Cuando surgió, hace más de una centuria, algunos afirmaron que el cinematógrafo destruiría a las demás artes. Sin embargo, desde sus primeras secuencias, el cine evidenció sus deudas con la literatura y el teatro, referentes que a la manera de un continuum, se mantienen en nuestros días, en los que a la antigua pugna ha sustituido el espíritu de relación, y el séptimo arte ha evidenciado, también, que es uno de los espacios más privilegiados de las artes escénicas.
Por eso, y por ese diálogo sustancial entre ambas expresiones, y porque nuevamente en el cine cubano ambos universos se integran para sintetizarse en códigos experimentales, retomamos la deuda ancestral con el teatro, desde la puesta en pantalla del último largometraje de Fernando Pérez, su ya polémico, para unos deslumbrante y para otros incomprensible, Madrigal.
Desde el actor, desde la gestualidad traducida como elemento de las imágenes, incluso cuando el silencio se impone al discurso verbal, el audiovisual confirma sus raíces y asume al tiempo que los construye, los ritos de la dramaturgia, especialmente cuando se proyecta dentro de lo que conocemos como “cine de autor”, como sucede con particular énfasis en esta propuesta del recientemente laurado con el Premio Nacional de Cine -como reconocimiento a su poética- una de las más complejas y problémicas, como sinceras y honestas del cine de la mayor de las Antillas en las últimas décadas.
Ahora, 110 años después de la llegada del cinematógrafo a la Isla, y de haberse filmado el primer corto en nuestro país, Simulacro de incendio, el cine cubano se hace cómplice de esta relación, en la que el símbolo se decodifica por el espectador en un proceso activo, en el que participa como sujeto agente.

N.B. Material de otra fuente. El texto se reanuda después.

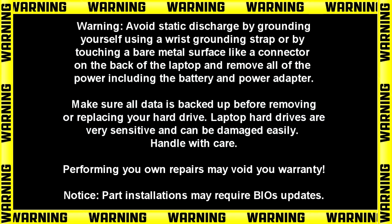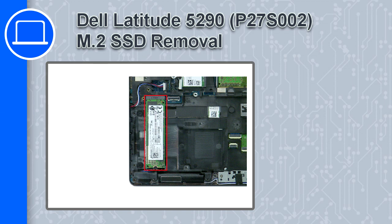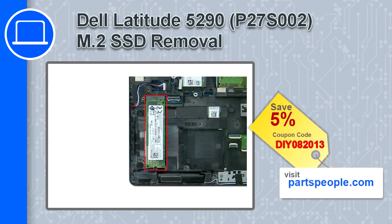How's it going? This is Ricardo and in this video I'll show you how to remove the solid state drive from a Dell Latitude 5290. If you're looking for parts for this laptop, go to our website and use this coupon for a 5% off discount.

Esto se produce gracias al sexto largometraje de ficción de Fernando Pérez, Madrigal, que hubiese sido otro, muy distinto a lo que es, si en él no hubiese dejado su impronta el teatro, específicamente, el talento escénico del director Carlos Díaz, avalado en su discurso estético, por la propia poética de su conjunto, el grupo El Público, colaborador de Fernando Pérez en este filme y responsable del montaje teatral con el que se inicia la puesta en pantalla, gracias a la integración a la historia de amor que se nos cuenta, de una obra clásica de la dramaturgia universal: Los ciegos, del también premio Nobel, el dramaturgo belga de expresión francesa, Maurice Maeterlinck, quien, con esa obra escrita en 1890, sembró las células de la escena simbolista.
Desde la concepción del filme -estructurado en dos tiempos, 2005 y 2020, dentro de los contextos de Cuba y del mundo, en su contradictoria y angustiosa contemporaneidad, a pesar de la impronta abstracta de las categorías espacio-temporales en la película, y con una lectura de profunda filiación filosófica, en la que predomina lo reflexivo más que lo emotivo- Madrigal se apoya además en la excelencia de la dirección de arte de Erick Grass y en la fotografía de Raúl Pérez Ureta, a los que se integrara, desde el rol protagónico, Carlos Enrique Almirante junto a su pareja en la cinta, Liety Chaviano, quienes fueron secundados en esa puesta donde lo real no es lo que se ve, por la española Carla Sánchez y Luis Alberto García, quienes participan de la pieza Los ciegos y de la propuesta de Madrigal.
El juego del teatro dentro del cine, del sentido metafísico del discurso artístico del realizador quien apela a la razón, aunque no excluye los sentimientos del público, como elemento coprotagónico de su concepción ideoestética, ocupa un lugar clave para la estructura composicional del argumento y también para que el filme alcance la dimensión existencial que sólo puede ser aprehendida desde el plano simbólico, en su narratividad.
Tanto en la puesta inicial, que es también el cierre de la película a manera de afiche congelado en el tiempo, como en la representación del mundo sórdido de la segunda narración, inspirado en el cuento de Eduardo del Llano La flecha rota en el carcaj de Eros, y la participación de los jóvenes actores, desnudos y filmados en condiciones muy difíciles, con bajas temperaturas y lluvia, dentro del escuálido pero invernal 2005, subrayan la voluntad expresiva de Fernando Pérez con este filme de alta densidad, ajeno a todo discurso lineal, particularmente en los minutos finales, cuando nos traslada la imagen y la banda sonora, siempre eficaz en su registro dramático, diseñada como la música por Edesio Alejandro, con un mensaje que tiene sus deudas con la poética del existencialismo, y también con otras lecturas cinematográficas como las de Ridley Scoot en Blade Runner.